Intervention de Bernard Cazeau

Réunion du 15 novembre 2007 à 15h00
Financement de la sécurité sociale pour 2008 — Article 35

Photo de Bernard CazeauBernard Cazeau :

Madame la ministre, les valeurs de solidarité et d'équité dans l'accès aux soins sont à la base du concept de l'assurance maladie. Elles en font le socle essentiel et incontestable.

Disons-le clairement : la franchise est une préconisation qui rompt avec le principe républicain.

Elle renvoie d'abord à l'univers de l'assurance, pas à celui de la solidarité : la voiture, ce n'est pas la même chose que la santé des malades !

De plus, le prélèvement en amont de la dépense présente un risque majeur, celui de restreindre l'accès aux soins.

Enfin, elle pose de nouveau la question de la solidarité, car, par un phénomène pervers, la franchise culpabilise le patient.

Les Français l'ont bien compris : selon un sondage Ipsos publié en octobre, ils sont 70 % à s'opposer à votre projet.

Notons que cette mesure ne se singularise pas en ce qui concerne la pénalisation des patients.
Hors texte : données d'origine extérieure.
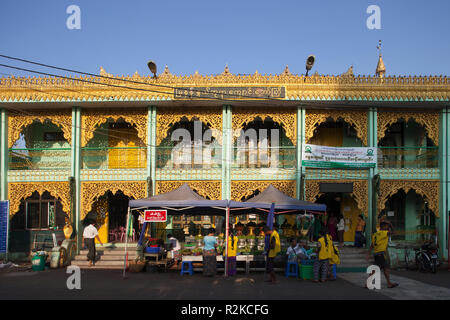 Edificio tradizionale e venditori di fronte Botataung paya, Yangon, Myanmar, Asia Foto Stock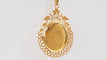 Pendentif Pendentif porte photo en or jaune et émeraude 58 Facettes 32604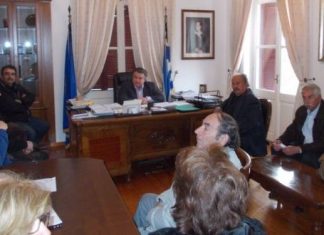 Συνάντηση με φόντο τις επικείμενες κατεδαφίσεις των πελάδων στην Τουρλίδα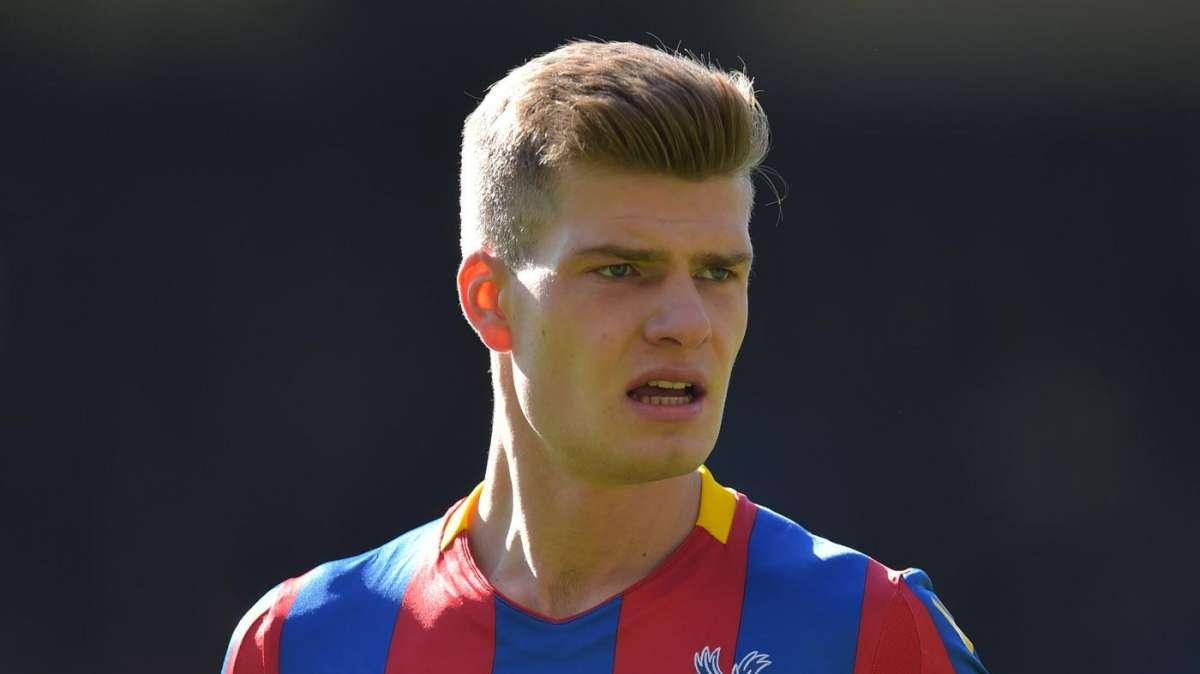 Calciomercato Lazio, per l'attacco spunta anche il gigante Sorloth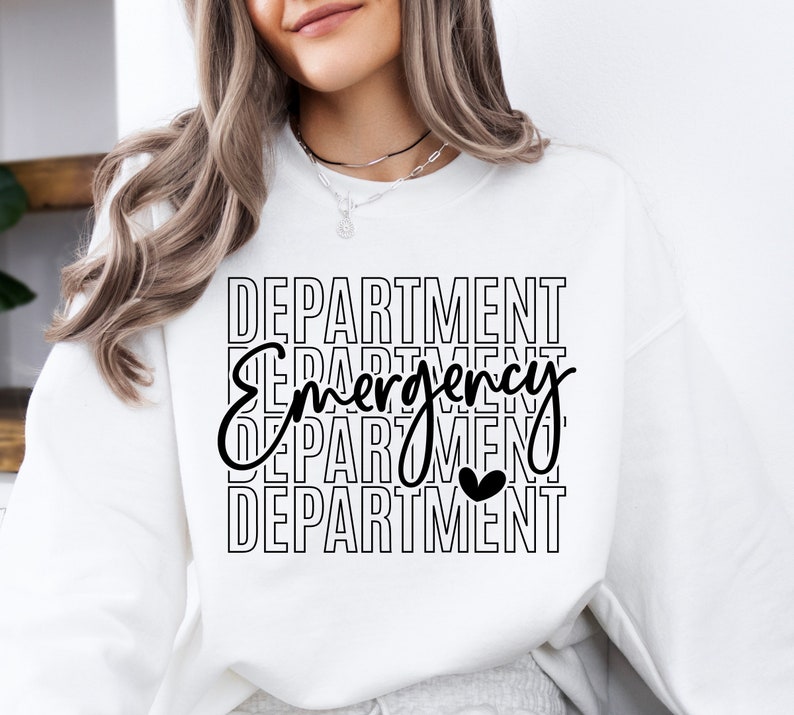 Może przedstawiać: Biała bluza z czarnym napisem "DEPARTMENT Emergency DEPARTMENT" z małym czarnym sercem w środku tekstu.
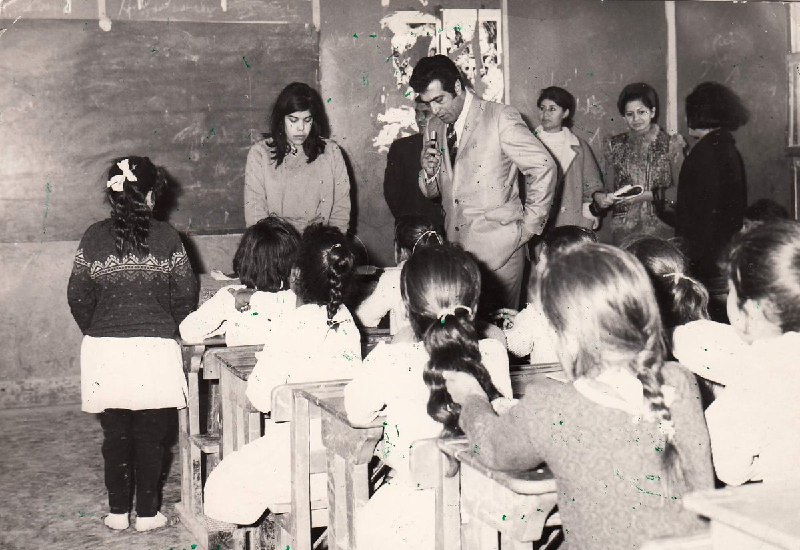 سیامک #پورزند در حال آموزش #روزنامه‌نگاری به پناهجویان فلسطینی به همراه #مهرانگیزکار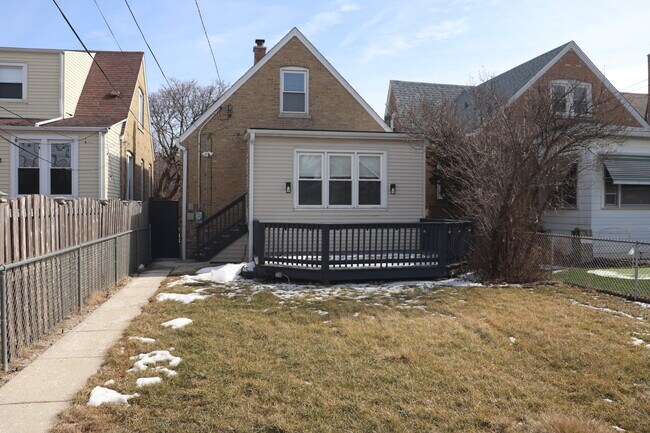 Building Photo - 3418 N Nordica Ave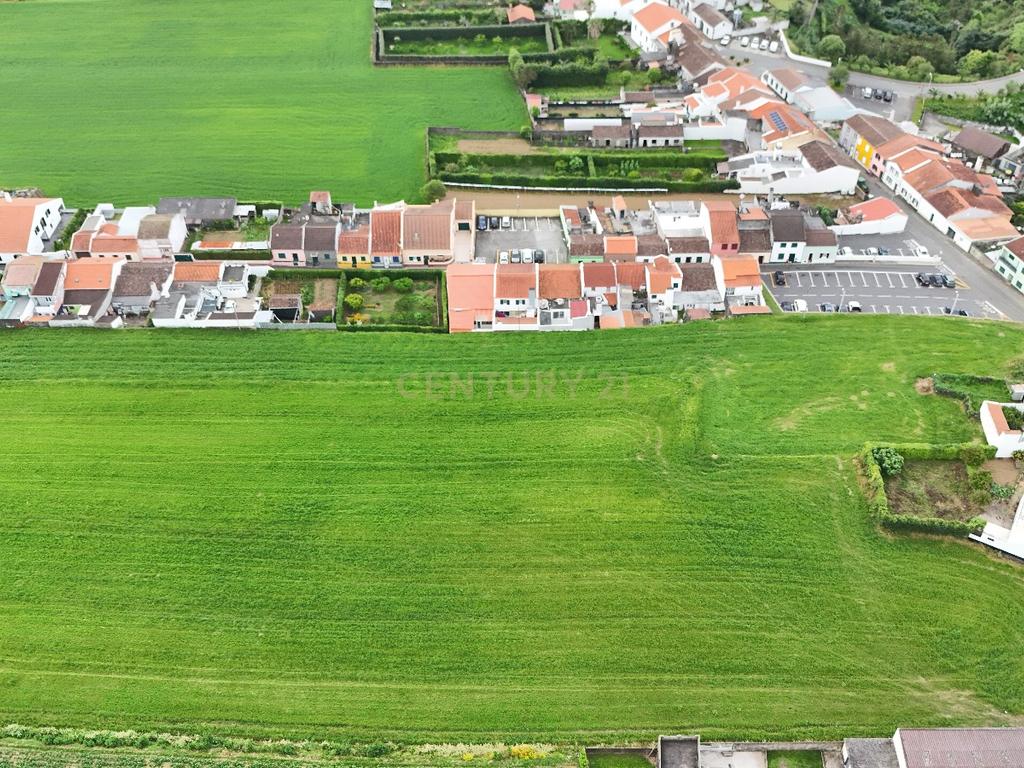  Terreno e Ruina com Potencial em Ribeira Grande - Image 3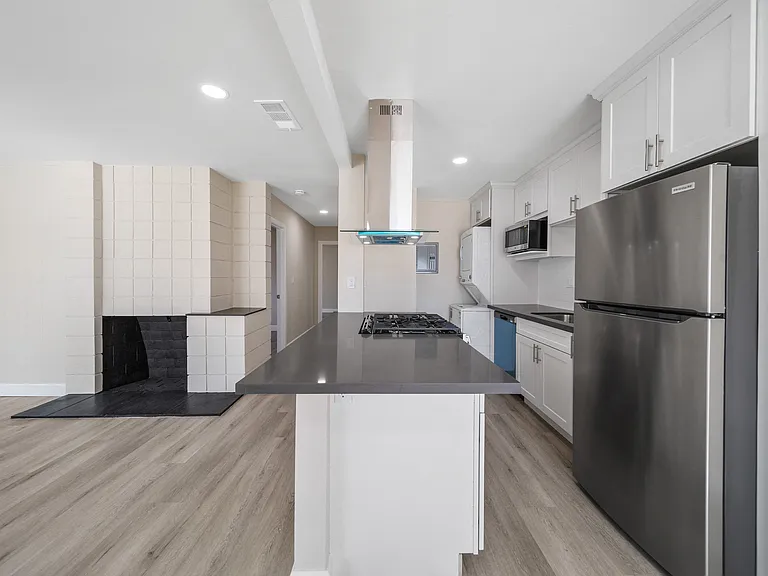 Wescove Apartments — Photo 1
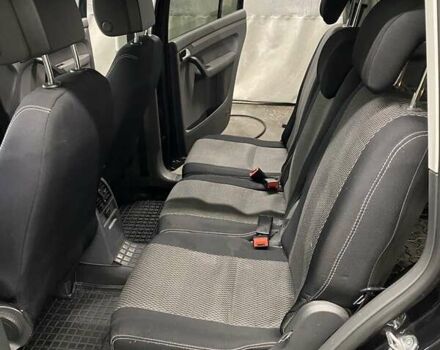 Черный Фольксваген Туран, объемом двигателя 1.6 л и пробегом 174 тыс. км за 13000 $, фото 20 на Automoto.ua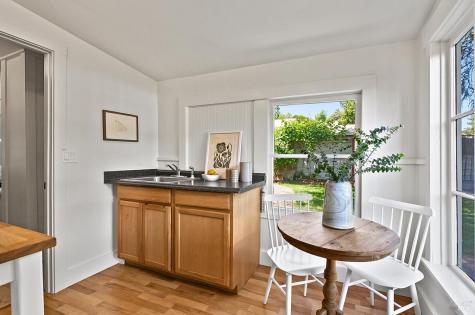 225 Dutton Avenue Sebastopol CA 95472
Je vous rappelle les décisions nombreuses de vos prédécesseurs : la franchise de 1 euro sur les consultations et les actes médicaux ; la hausse du forfait hospitalier ; le moindre remboursement pour ceux qui n'ont pas fait le choix du médecin traitant ; le forfait de 18 euros sur les actes lourds de plus de 91 euros ; la diminution du taux des indemnités journalières, etc.
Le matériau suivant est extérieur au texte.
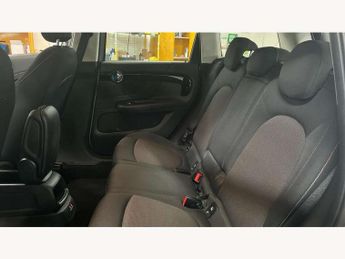 MINI Countryman 1.5 Cooper 5dr Auto [7 Speed]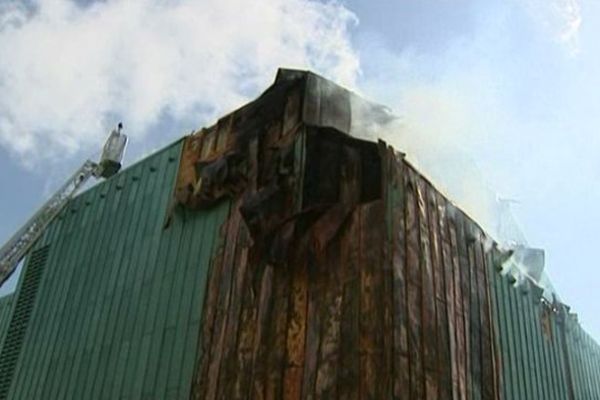 Le feu a pris vers 1heure du matin dans des poubelles sur le côté du théâtre.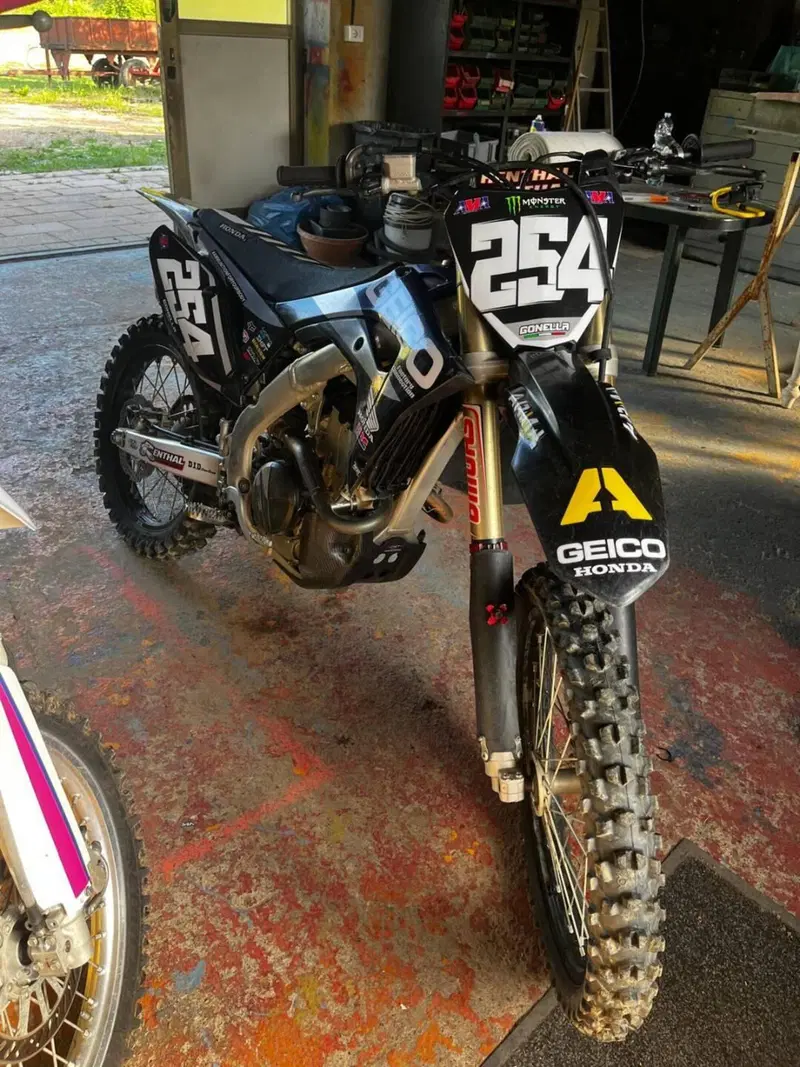 Honda CRF 250R (2020) (2)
Ce qui change, c'est la justification. Certains malades doivent maintenant payer pour d'autres malades. La vignette automobile avait été conçue initialement pour les personnes âgées. Cette idée a été reprise pour justifier le financement du plan contre la maladie d'Alzheimer.
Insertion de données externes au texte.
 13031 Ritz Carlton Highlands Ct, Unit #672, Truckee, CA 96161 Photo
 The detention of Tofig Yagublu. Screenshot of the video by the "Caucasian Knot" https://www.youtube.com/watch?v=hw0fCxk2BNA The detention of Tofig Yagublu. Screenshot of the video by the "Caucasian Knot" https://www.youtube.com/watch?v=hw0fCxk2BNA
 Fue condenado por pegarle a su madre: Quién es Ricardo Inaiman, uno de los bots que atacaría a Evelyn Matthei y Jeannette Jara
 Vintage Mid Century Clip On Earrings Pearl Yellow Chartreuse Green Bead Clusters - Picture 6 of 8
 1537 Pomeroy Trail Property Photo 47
Or nous savons bien ce qu'il en a été s'agissant de l'affection de cette taxe.

En réalité, la mesure que vous mettez en oeuvre privilégie une approche de « tire caissière ». Elle sanctionnera les couches moyennes et les 5 millions de Français tout juste au-dessus de la CMU.

À ce sujet, pour faire bonne mesure et pour ne pas paraître trop inféodé aux intérêts des puissants, le Gouvernement nous avait promis, en mai 2007, une avancée majeure pour l'année 2008 : le bouclier sanitaire. Où est-il ?

La franchise médicale entraînera des effets pervers en risquant de pénaliser les patients. Pour partiellement les responsabiliser, elle aboutira à ce que certains malades, les moins informés, préféreront s'abstenir de se soigner pour des affections bénignes.

Cette décision dictée par des considérations financières de rafistolage ne pourra que déclencher des pathologies lourdes, dont les coûts financiers et humains sont autrement plus importants !

Selon un rapport rendu public pendant l'examen à l'Assemblée nationale du projet de loi de financement de la sécurité sociale pour 2008, à savoir le jeudi 26 octobre 2007, la consommation médicale des Français les plus fragiles est plus faible que celle du reste de la population. Ils sont plus nombreux à ne pas avoir consulté un médecin l'année qui précédait l'enquête : 21 % des moins de cinquante ans, contre 17 %. L'écart est encore plus grand lorsqu'il s'agit d'enfants : 20 %, contre 16 %.

Ainsi, pour la prévention du cancer, 34 % des femmes de plus de quarante ans appartenant à des ménages modestes n'ont jamais réalisé de mammographie, contre 19 % pour les autres ; 12 % des femmes entre vingt et soixante-dix ans n'ont jamais réalisé de frottis gynécologique, contre 6 % pour les autres. On retrouve les mêmes écarts pour les tests de dépistage du VIH.

La prévention constitue un élément clef du suivi médical de chacun.

L'étude de l'Insee l'a clairement démontré : les personnes les plus pauvres, notamment leurs enfants, vont moins souvent chez le médecin que la moyenne des Français.

Ceci expliquant cela, certaines maladies graves - cancer du sein, dépression - sont récurrentes dans cette catégorie de la population.

Au final, elles fréquentent les hôpitaux plus que la normale, avec les coûts que nous savons. Est-ce ainsi que nous répondrons à la croissance des soins ?

En conclusion, la franchise est une mauvaise idée.

En faisant culpabiliser les Français, vous évitez de vous poser concrètement les vraies questions, celles du panier de soins, de la redéfinition du socle de solidarité, de l'efficience de la gestion de l'assurance maladie et de la réforme permanente du système.